Assume we have a zero-mean Gaussian RV $\mathbf x$ with variance $\sigma^2$, and we want to compute its moments, i.e., $E\{\mathbf x^n\}$. The moments for odd $n$ are zero because the density function of our RV $f(x)$ is an even function. But how to compute the moments. i.e.,

$$E\{\mathbf x^n\} =\int\limits_{-\infty}^{\infty} x^n f(x) dx =\frac{1}{\sigma \sqrt{2\pi}}\int\limits_{-\infty}^{\infty} x^n e^{-x^2/2\sigma^2} dx $$

for even $n$? Of course this is not a very difficult integral (can be computed through integration by parts etc.), but there is a very elegant way of computing it and I thought it’s worth making a post about, because it may prove handy in other circumstances too.

Consider the following definite integral that we know how to compute:

$$\int\limits_{-\infty}^{\infty} e^{-\alpha x^2} dx = \sqrt{\frac{\pi}{\alpha}}. $$

Now differentiate this integral w.r.t. $\alpha$ $k$ times. It’s easy to see that differentiating both sides yields:

$$\int\limits_{-\infty}^{\infty} x^{2k} e^{-\alpha x^2} dx = \frac{1 \cdot 3 \cdots (2k-1) }{}\sqrt{\frac{\pi}{\alpha^{2k+1}}}. $$

Now just replace $\alpha$ with $\sigma$ and we have all we need to compute the moments.

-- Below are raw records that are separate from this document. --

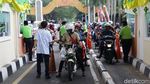 Tak Hanya Ragunan dan Monas, TMII Juga Disesaki Pengunjung
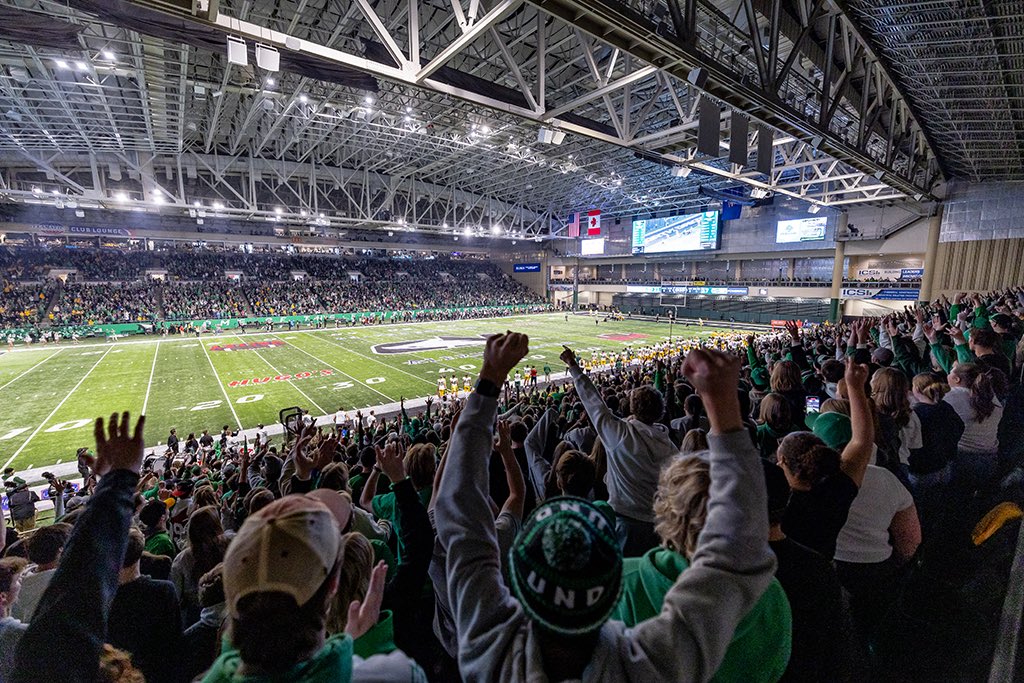 FlagshipUND's tweet image. HOME FIELD ADVANTAGE:

Since opening 24 seasons ago, @UNDfootball is 115-32 (78.2%) at the @AlerusCenter 💚💪🏈 #UNDproud 

@1883Collective @UNDFootball360 @UofNorthDakota @UNDsports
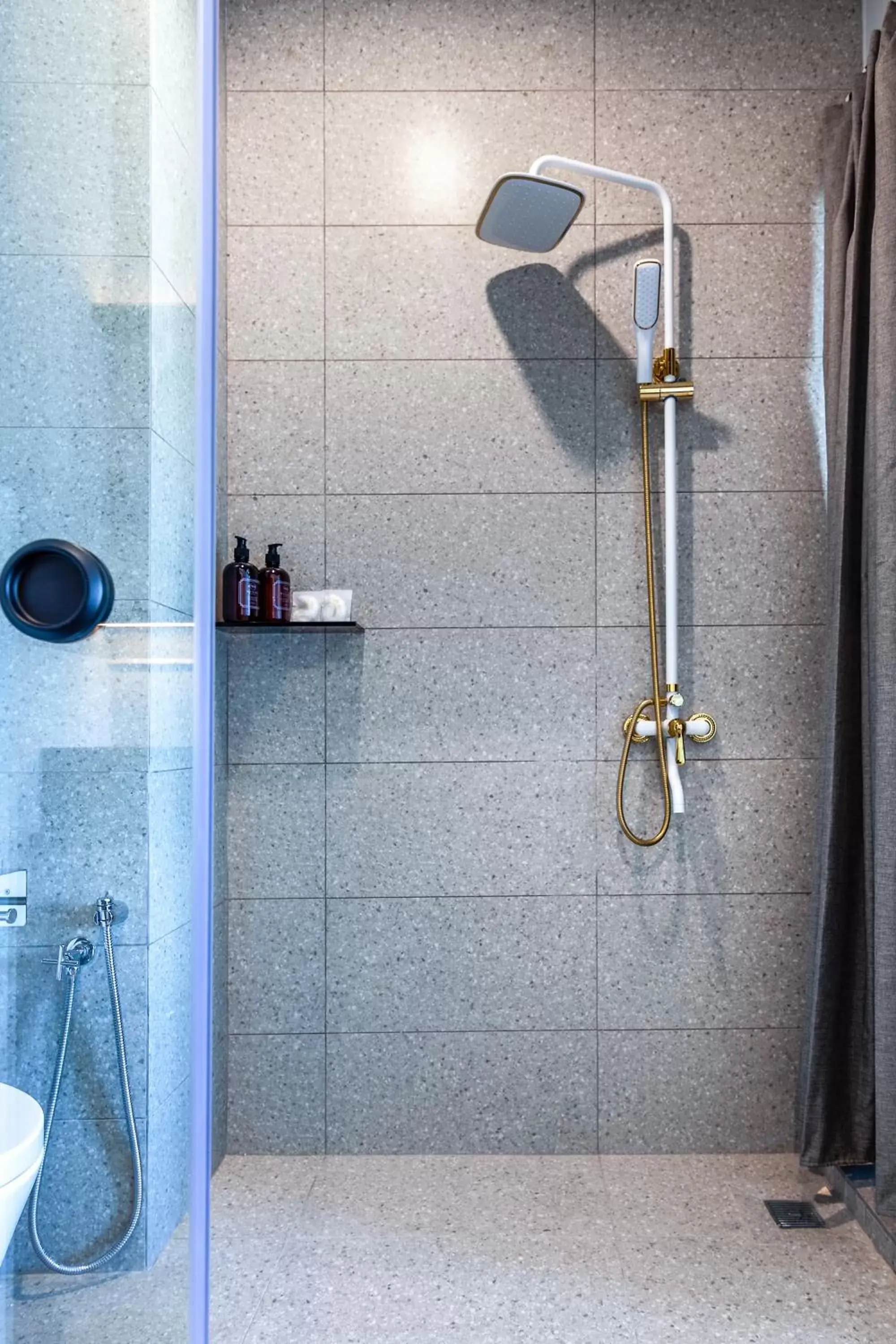Shower, Bathroom in Wesley Hotel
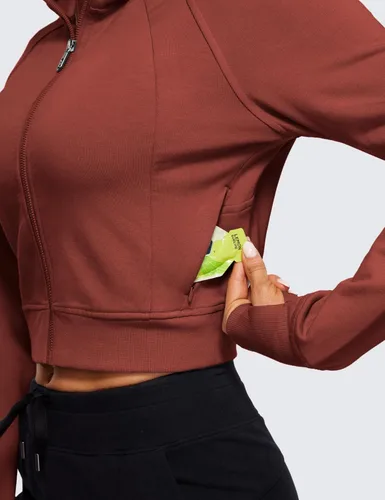 Vista 3 de CRZ YOGA Sudadera corta con capucha y cremallera completa para mujer, para entrenamiento, atlética, casual, manga larga, con agujeros para el pulgar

What was the point of this post?

Of course the point wasn’t to compute moments for a Gaussian RV. The point is to show this trick that was used to compute the moments, which is not just aesthetically pleasing but can also be pretty useful in other contexts for two reasons. Firstly, note that this trick computes the derivative of a density $f(x)$ w.r.t. a parameter other than $x$. This is a pretty useful trick to have in your mental toolbox, because it can greatly simplify proofs (as in here) or even make them possible. For example, this trick is used in Price’s theorem — a very important theorem. Secondly, the idea of computing the derivative of both sides of an expression is also a useful trick worth keeping in the top shelf of the mind, as it is also used for various proofs.